SINGAPORE - Parents and educators alike have given a policy shift in the Primary 1 admissions exercise the nod, praising it as a move towards fostering greater inclusivity in schools.
The change to the scheme, under which 40 places will be reserved in every primary school for those with no prior connection to the school from next year, was announced by Prime Minister Lee Hsien Loong at the National Day Rally on Sunday.
The Education Ministry said yesterday that the places will be reserved before the start of the Primary 1 Registration Exercise, and will be open to registrants in phases 2B and 2C.
Mr John Wei, a parent, told My Paper that the policy shift is the right step in "striking a difficult balance that keeps so-called top schools open".
The 36-year-old full-time graduate student, who will enrol his son, now aged five, in primary school next year, said: "(The school's alumni) are the richer for sharing and for what others can bring to the mix."
Another parent, Ms Leela Jesudason, said her six-year-old son just "missed the boat" as he has already registered for a place at St Andrew's Junior School next year.
"(Reserving) 40 places is not a lot, but it's a good starting point," said the 47-year-old managing director of a public-relations agency.
Her family moved from Upper Thomson to Potong Pasir in order to get a better chance of enrolling her son at the school.
Mr Chia Soo Keng, principal of Henry Park Primary School, told My Paper that the new policy will give prospective pupils with no connection to the school "an enhanced opportunity".

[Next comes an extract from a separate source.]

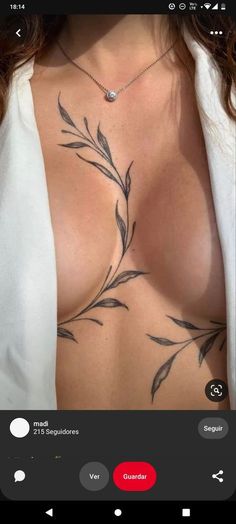 a woman's chest with tattoos on it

Mr Tan Yap Kin, principal of Ai Tong School, called it "the way to go" as it provides more opportunities for all children.
However, some parents have raised concerns that the policy change will lead to further bottlenecks down the road, and called for more than 40 places to be added.
Housewife Haslina Muhammad, 35, said she expects to face stiff competition when the time comes to enrol her younger son, who is now three, in a school.
Because of that, the mother of two told My Paper that she would most likely register her younger son at Mayflower Primary School under Phase 2A(2), for children whose sibling has studied at the school of choice. Her elder son is expected to start Primary 1 at the school next year.
In a Facebook post on Sunday night, Education Minister Heng Swee Keat said that there is "no perfect policy that can satisfy everyone".
"Education is always a work-in-progress," he said, pointing out that the changes to the system "underscore the fact that we value every child".
"We will work to enable every child to find success, to be the best he can be," he said.